Wikipedia gives an excellent treatise about solid angles in 1-2-3-Dimensions.
But how about n-D? I read once some notes from a seminar held
during WWII in Switzerland, and one result concerned spatial angles
in even dimensions (I have forgotten the reference), but I would like
to have a similar general definition, likely computationally nice.

So my question is: "What is a general expression for spatial angles in $\mathbb{R}^d$, given that origo-based vectors $x_1..x_{d+1}$ are known". It can be recursive of course.

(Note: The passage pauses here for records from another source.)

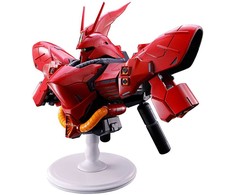Banpresto Mobile Suit Gundam Universal Century Saga Sazabi Ichibansho figure 18cm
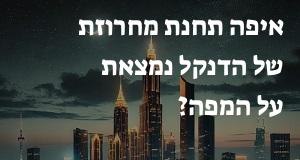 איפה תחנת מחרוזת של הדנקל נמצאת על המפה? הנה המיקום המדוייק!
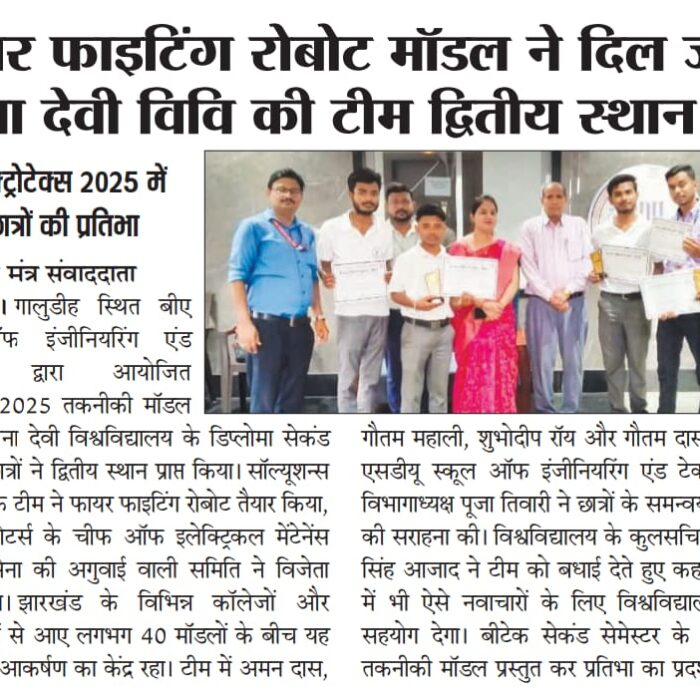 Fire Fighting Robot Model Wins Hearts; Sona Devi University Team Secures Second Place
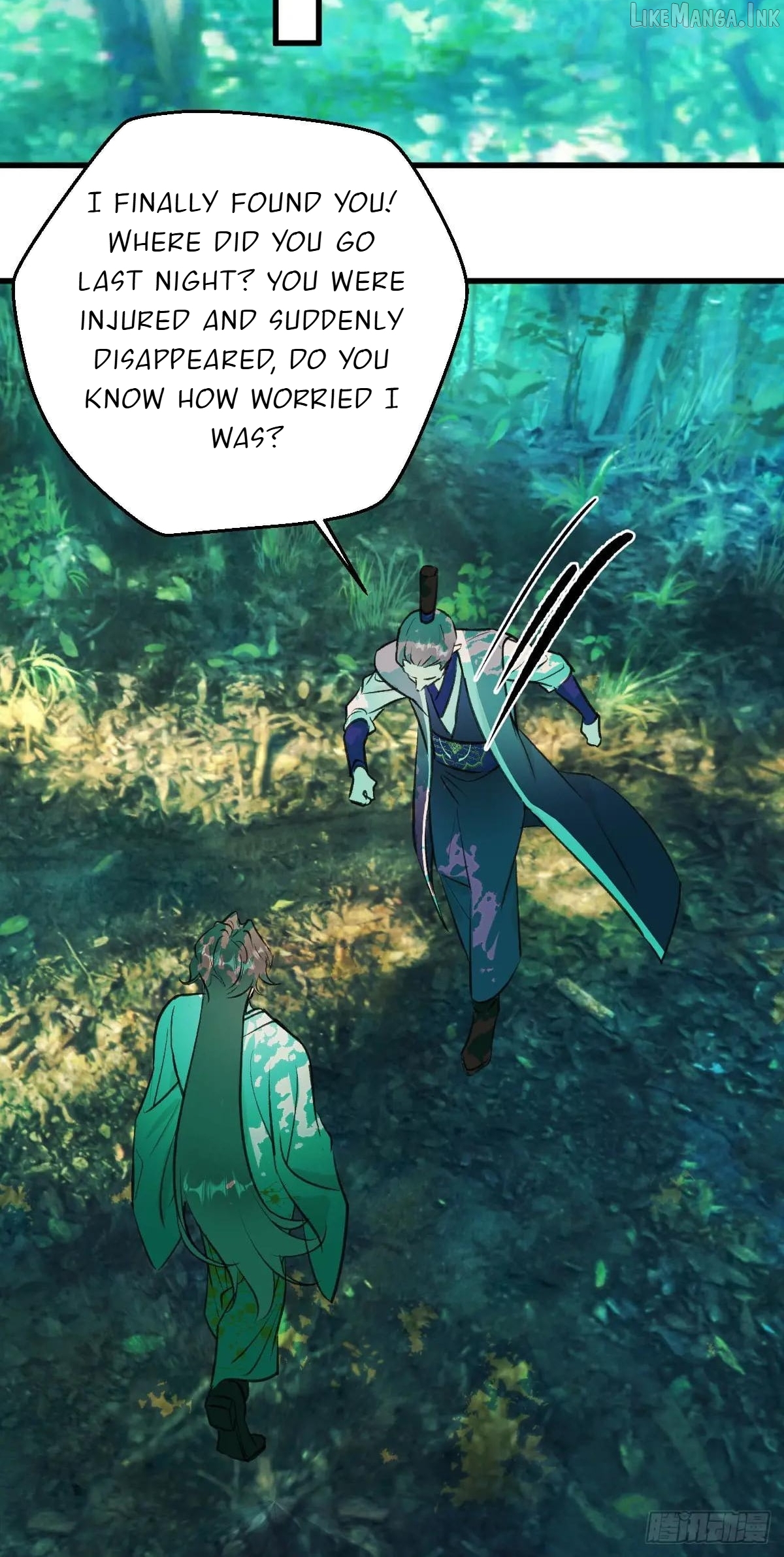 My Own Evil God Chapter 39 - page 34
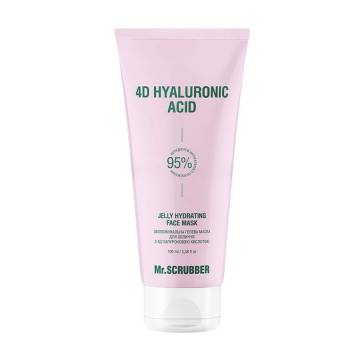 Увлажняющая гелевая маска для лица Mr.Scrubber 4D Hyaluronic Acid Jelly Hydrating Face Mask с 4Д гиалуроновой кислотой, 100 мл Увлажняющая гелевая маска для лица Mr.Scrubber 4D Hyaluronic Acid Jelly Hydrating Face Mask с 4Д гиалуроновой кислотой, 100 мл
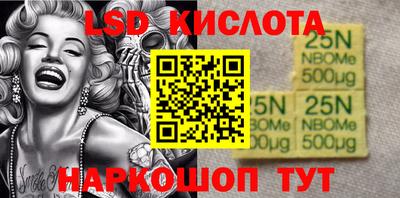 а пвп мука Краснодар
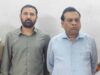 भिलाई स्टील प्लांट से स्क्रैप चोरी का मामला, दो डायरेक्टर गिरफ्तार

And yes, I have an application on mind.

here is my reference:
http://en.wikipedia.org/wiki/Solid_angle

Thank you for any help 🙂

Best Answer

Let me cite a theorem by Ribando (Measuring Solid Angles Beyond Dimension Three, Discrete Comput Geom 36:479–487 (2006)), which is a rediscovery of a result of Aomoto (Analytic structure of Schlafli function, Nagoya Math. J. 68:1-16 (1977)) as described in the paper by Beck, Robins and Sam (Positivity Theorems for Solid-Angle Polynomials, Beitrage zur Algebra und Geometrie, Vol. 51, No. 2, 493-507 (2010)). I cite Ribando's result as its statement more to my taste:

Let $\Omega \subseteq \Bbb{R}^n$ be a solid-angle spanned by unit vectors $\lbrace v_1 , \dots , v_n \rbrace$, let $V$ be the matrix whose ith column is $v_i$ , and let $\alpha _{ij} = v_i \cdot v_j$ as above. Let $T_{\alpha}$ be the following infinite multivariable Taylor series: $$T_{\alpha} = \dfrac{det \ V}{(4 \pi )^{n/2}} \sum _{a \in \Bbb{N}^{{n \choose 2}}} \left[ \dfrac{(-2)^{\sum _{i < j} a_{ij}}}{ \Pi _{i<j} a_{ij}!} \Pi _{i} \Gamma \left( \dfrac{1 + \sum _{m \neq i} a_{im}}{2} \right) \right] \alpha^{a}$$ The series $T_{\alpha}$ agrees with the normalized measure of solid-angle $\Omega$ whenever $T_{\alpha}$ converges.